Volks- of buurtcafés zijn onmisbaar voor de sociale, culturele en economische structuur van dorpen en stadswijken. Hun behoud vereist een geïntegreerde aanpak met steun van overheden, lokale besturen en maatschappelijke organisaties. Samen kunnen ze zoeken naar een gezonde balans tussen bescherming van ons erfgoed, de hedendaagse noden van een lokale gemeenschap en economische haalbaarheid.

* De term ‘volkscafés’ kan hier ruim worden geïnterpreteerd en kan net zo goed worden vervangen door buurtcafé, dorpscafé, bruine kroeg of café in het algemeen. Het gaat om die drankgelegenheden die voor de samenhang van een dorp of stadswijk belangrijk zijn, waar ontmoeting voorop staat, die voor iedereen open staan en niet mikken op één bepaalde doelgroep.
Samenvatting
1. Belang van volkscafés voor ontmoeting en gemeenschap
Kleine ontmoetingen tussen de bewoners zijn de vezels van het leven in dorp of stadsbuurt. Het volks- of buurtcafé is een vrije en informele ruimte waar mensen elkaar zonder verplichtingen kunnen ontmoeten. Het is een belangrijk sociaal centrum dat het gemeenschapsgevoel bevordert. Het verdwijnen van het volkscafé leidt tot dode dorpen en stadsbuurten waar mensen zich steeds meer isoleren met eenzaamheid, verzuring, onveiligheid en criminaliteit tot gevolg. In dit digitale tijdperk waarin het fysieke contact niet langer vanzelfsprekend is, worden fysieke ontmoetingen des te belangrijker. Een nieuw café kan de motor zijn voor de heropleving van dorp of stadsbuurt.

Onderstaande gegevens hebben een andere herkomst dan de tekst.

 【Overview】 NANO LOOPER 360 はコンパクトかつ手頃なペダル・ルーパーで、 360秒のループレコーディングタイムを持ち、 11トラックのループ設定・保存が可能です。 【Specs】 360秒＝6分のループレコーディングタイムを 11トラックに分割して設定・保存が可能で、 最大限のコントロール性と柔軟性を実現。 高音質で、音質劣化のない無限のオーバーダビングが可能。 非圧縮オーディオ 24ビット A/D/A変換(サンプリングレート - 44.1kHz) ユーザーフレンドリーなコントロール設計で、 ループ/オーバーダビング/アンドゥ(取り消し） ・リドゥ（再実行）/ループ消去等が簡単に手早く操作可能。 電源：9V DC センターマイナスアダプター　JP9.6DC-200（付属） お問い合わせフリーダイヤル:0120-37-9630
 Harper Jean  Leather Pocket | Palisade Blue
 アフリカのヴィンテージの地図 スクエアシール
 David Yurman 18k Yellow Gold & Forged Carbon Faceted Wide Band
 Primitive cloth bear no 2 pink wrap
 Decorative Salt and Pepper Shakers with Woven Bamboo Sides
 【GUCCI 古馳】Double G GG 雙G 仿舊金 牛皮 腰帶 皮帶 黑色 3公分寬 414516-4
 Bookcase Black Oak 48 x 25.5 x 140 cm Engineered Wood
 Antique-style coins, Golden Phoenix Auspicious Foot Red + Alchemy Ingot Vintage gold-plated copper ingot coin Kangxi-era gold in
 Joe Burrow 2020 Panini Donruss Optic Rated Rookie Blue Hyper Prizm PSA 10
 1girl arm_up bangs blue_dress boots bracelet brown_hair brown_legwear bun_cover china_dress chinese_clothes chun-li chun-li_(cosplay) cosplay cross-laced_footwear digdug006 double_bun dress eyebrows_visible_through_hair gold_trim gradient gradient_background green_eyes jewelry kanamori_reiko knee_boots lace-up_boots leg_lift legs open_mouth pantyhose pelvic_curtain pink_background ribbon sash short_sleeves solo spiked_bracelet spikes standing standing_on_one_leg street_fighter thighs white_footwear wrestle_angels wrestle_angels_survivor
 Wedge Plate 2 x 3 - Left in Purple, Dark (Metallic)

2. Volkscafés als sociaal vangnet
Volkscafés zijn een ‘derde ruimte’, een plek naast huis en werk waar mensen tot rust kunnen komen, stress kunnen loslaten en gezelschap, vriendschap, warmte en (h)erkenning kunnen vinden. Ze kunnen er zonder formele ondersteuning hun zorgen delen. Café-uitbaters zijn vaak onofficiële eerstelijnszorgverleners. Het buurtcafé is een essentieel onderdeel van de sociale infrastructuur van buurt of dorp.
3. Economische uitdagingen en regulering
De steeds stijgende kosten en belastingen maken het caféhouders moeilijk om hun café rendabel te houden. Ze kampen met extra uitgaven voor onder andere terrasvergunningen, ventilatie-eisen, en verplichte elektronische betaalmogelijkheden. Bovendien zien ze hun inkomsten slinken door de bierprijzen, die door de grote brouwerijen kunstmatig hoog worden gehouden. Dit beperkt de winstgevendheid en het voortbestaan van het volkscafé.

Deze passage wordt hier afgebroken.